1. An assembly with a carrier element, a hinged door that is pivotally mounted to the carrier element and pivotable between a closed position and an open position, and an open-door locking system for locking the hinged door in the open position, wherein the open-door locking system comprises: a hinge bracket that is rigidly attached to the carrier element, wherein the hinge bracket comprises a locking notch; and an open-door locking device comprising: a mounting bracket that is pivotally mounted to the hinge bracket; a housing that is connected to the mounting bracket and rigidly attached to the hinged door; a sliding block that is accommodated in the housing and slidable in the housing in a first direction between a normal position and an actuated position; and a slider that is accommodated in the housing and slidable in the housing in a second direction between a blocking position and a releasing position, wherein the slider is coupled to the sliding block such that the slider is in the blocking position and engages the locking notch of the hinge bracket for blocking the hinged door in the open position when the sliding block is in the normal position.

2. The assembly of claim 1, wherein the slider comprises a blocking pin that engages the locking notch of the hinge bracket for blocking the hinged door in the open position when the slider is in the blocking position.

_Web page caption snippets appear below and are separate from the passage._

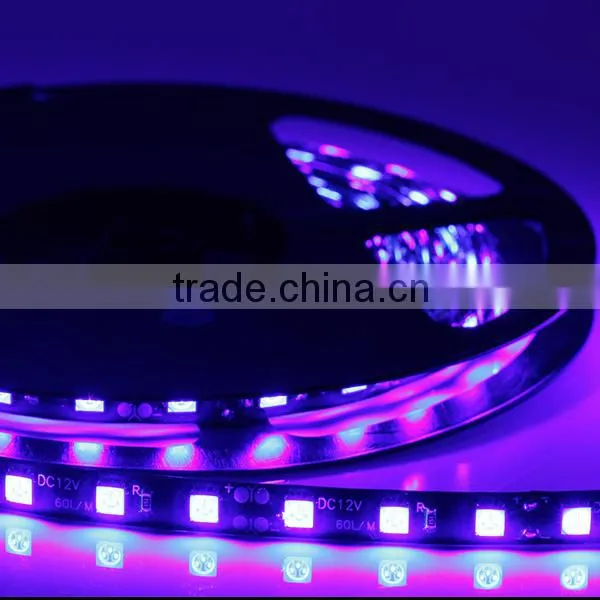 Good Quality 12V Flexible LED Strip Light 5050 LED Lighting Waterproof IP65 Strips Lights Black PCB photo-2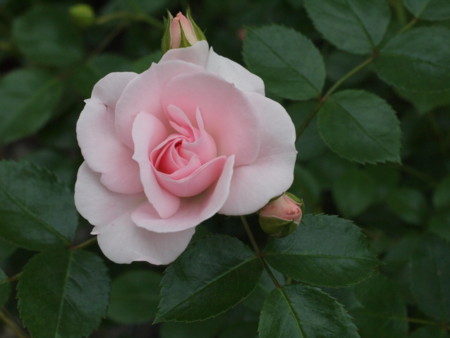 f:id:vzf12576:20140705181147j:image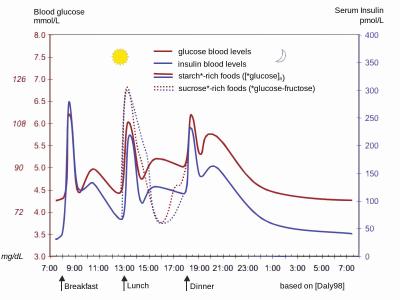 糖尿病血糖高打胰岛素 血糖和胰岛素是怎么回事？｜话说糖尿病（一）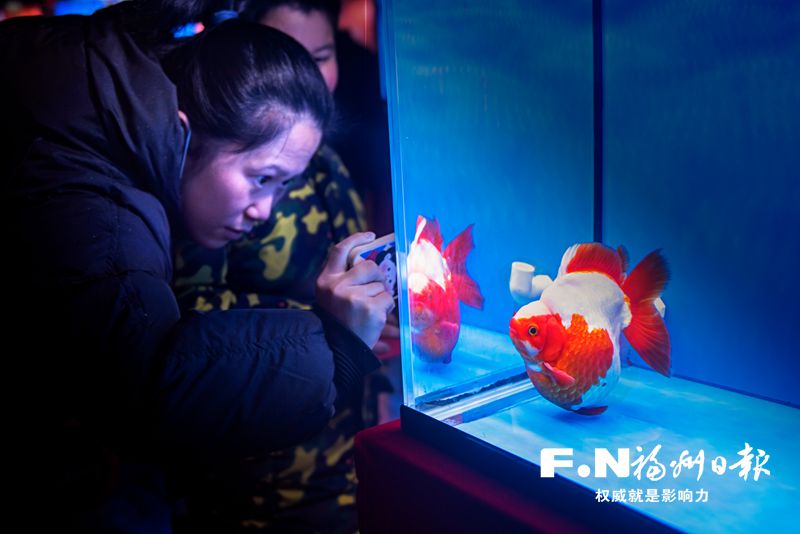 2022年福州金魚攝影大賽優秀作品選登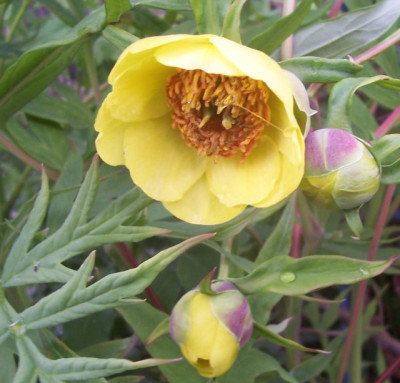 April_047_Paeonie_delavayi.jpg
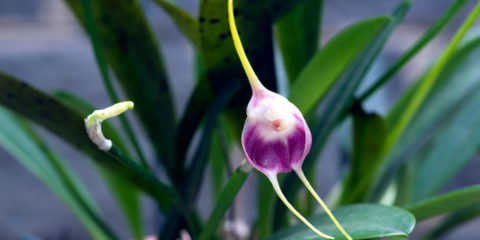 masdevallia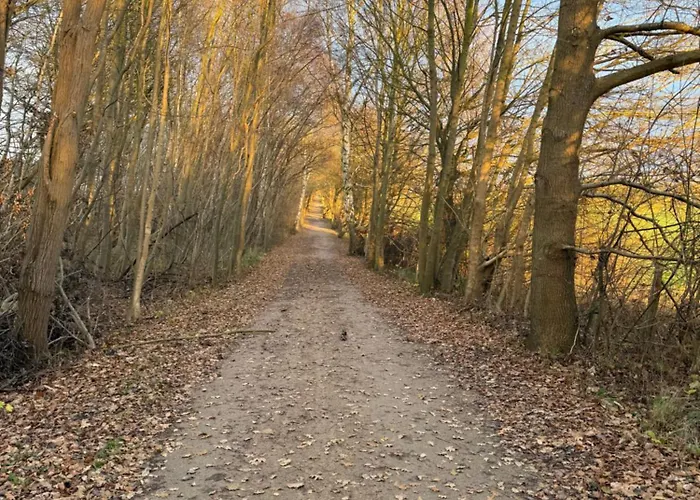 An Der Ostsee Naehe Priwall Lejlighed *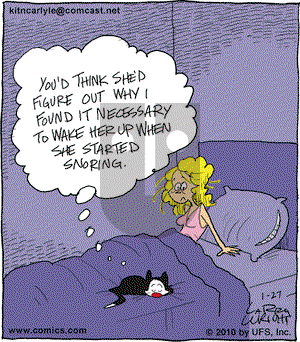 Kit 'N' Carlyle on Wednesday January 27, 2010 Comic Strip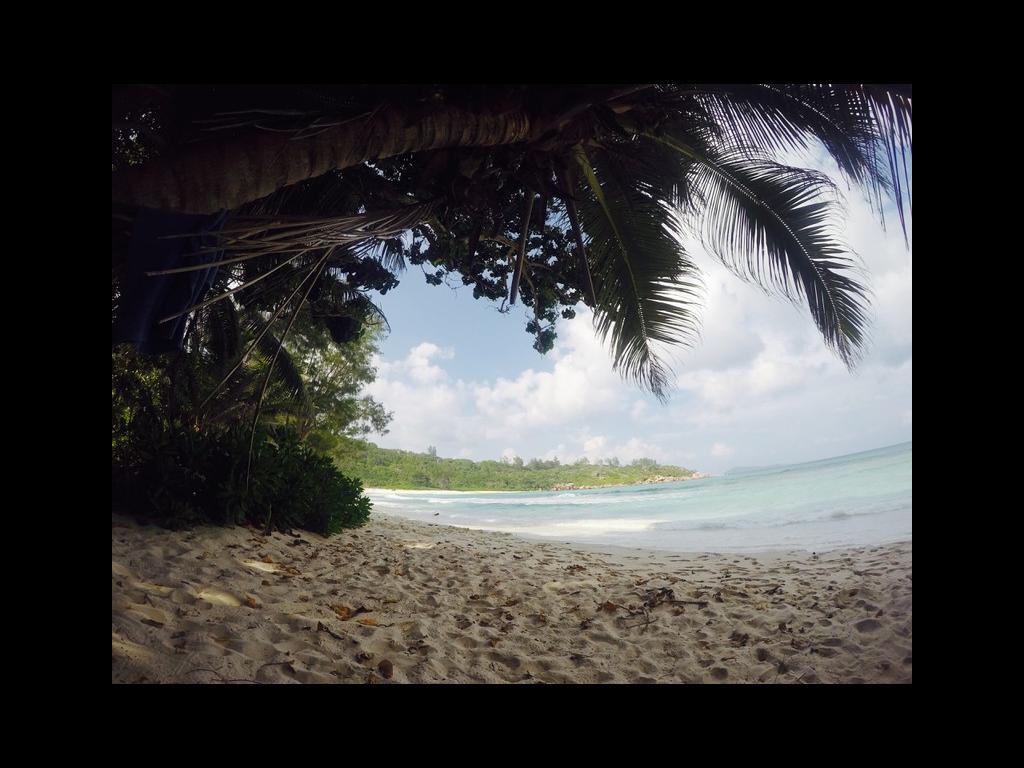 Anse Cocos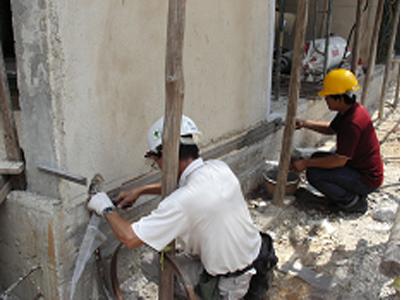 Lưới thép Termimesh: Công nghệ chống mối cho công trình xây dựng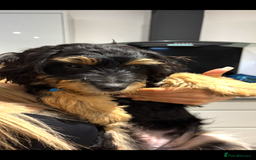 Mixed Breed dogs for sale: Jackapoo x dachshund  - Image 4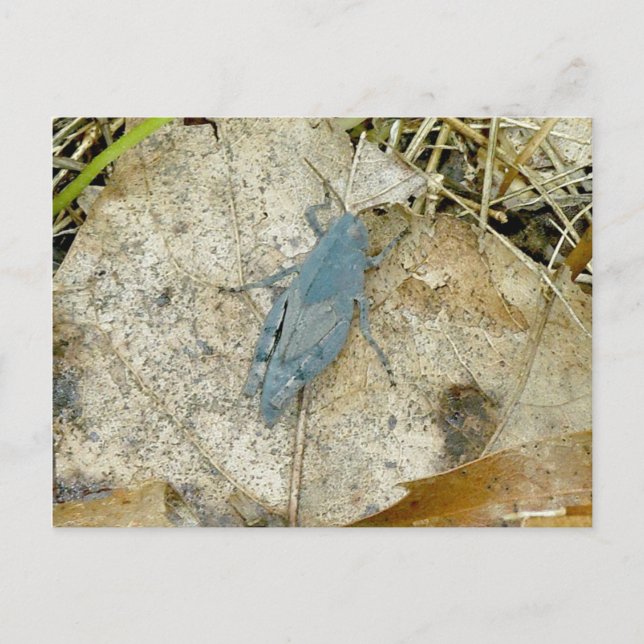 Carte postale Blue Grasshopper (Devant)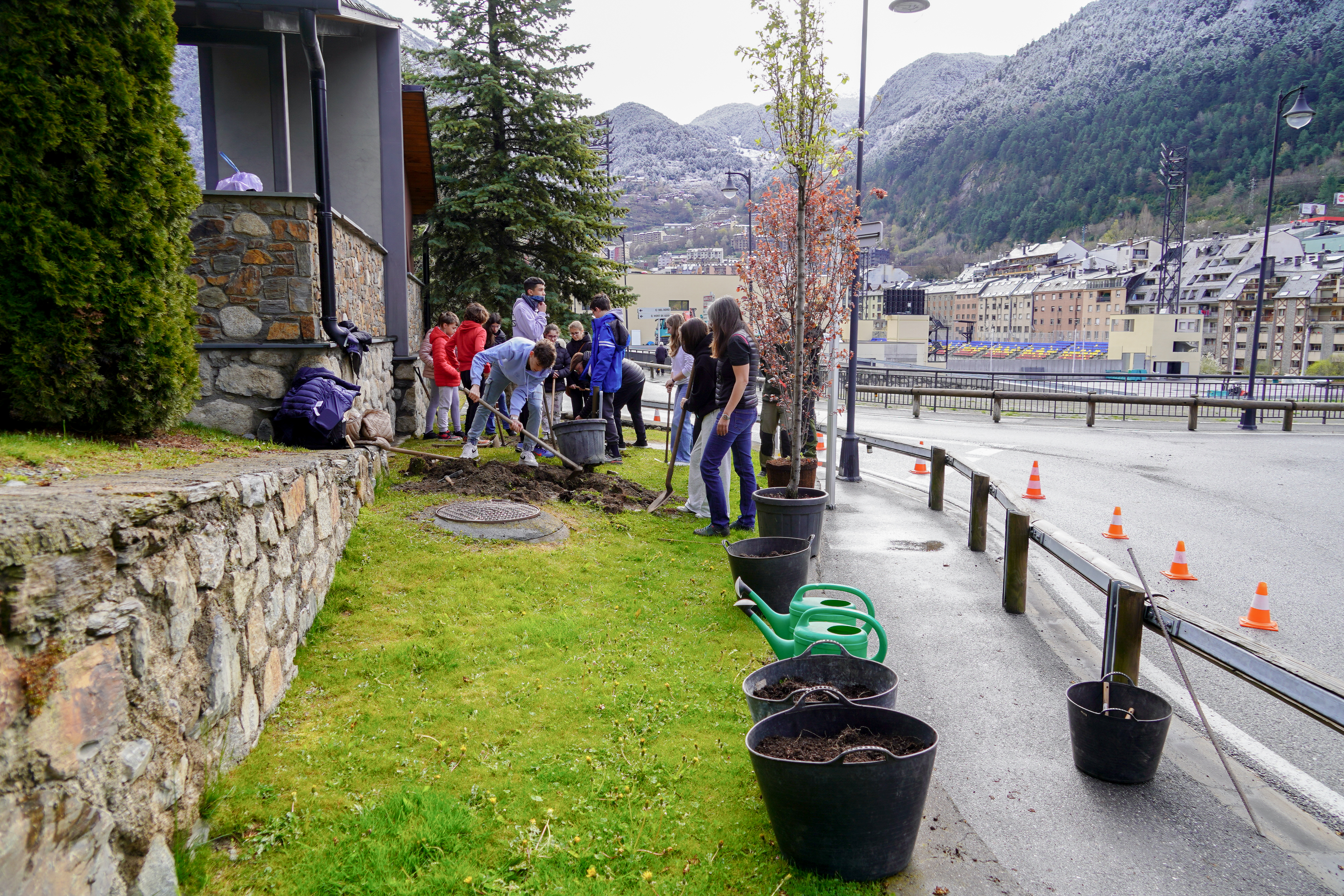 Plantació arbres escola verda @ComuEncamp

3. The assembly of claim 1, wherein the slider comprises a sliding member that slides in the sliding block when the sliding block slides in the housing in the first direction between the normal position and the actuated position.

4. The assembly of claim 3, wherein the slider is coupled to a transfer rod that is equipped with the sliding member.

5. The assembly of claim 3, wherein the sliding block comprises a wedge with a ramp, and wherein the sliding member slides along the ramp in a third direction when the sliding block slides in the housing in the first direction.

6. The assembly of claim 5, wherein the third direction is oblique to the first direction and the second direction.

7. The assembly of claim 1, wherein the first direction is at least approximately perpendicular to the second direction.

8. The assembly of claim 1, wherein the open-door locking device further comprises a slider return spring that biases the slider into the blocking position.

9. The assembly of claim 1, wherein the open-door locking device further comprises a sliding block return spring that biases the sliding block into the normal position.

10. The assembly of claim 1, wherein the open-door locking system further comprises a remote actuator for remotely actuating the open-door locking device, wherein the remote actuator is located spaced apart from the open-door locking device on the hinged door.

11. The assembly of claim 10, wherein the open-door locking system further comprises a cable, in particular a Bowden cable, that connects the remote actuator with the sliding block.

12. The assembly of claim 11, wherein the remote actuator comprises a pivotable thumb lever that is attached to the cable and pivotable for pulling the cable to cause sliding of the sliding block in the housing in the first direction between the normal position and the actuated position.

13. The assembly of claim 1, wherein the open-door locking device further comprises a push bar that is rigidly attached to the sliding block and operable for manually moving the sliding block in the housing in the first direction between the normal position and the actuated position.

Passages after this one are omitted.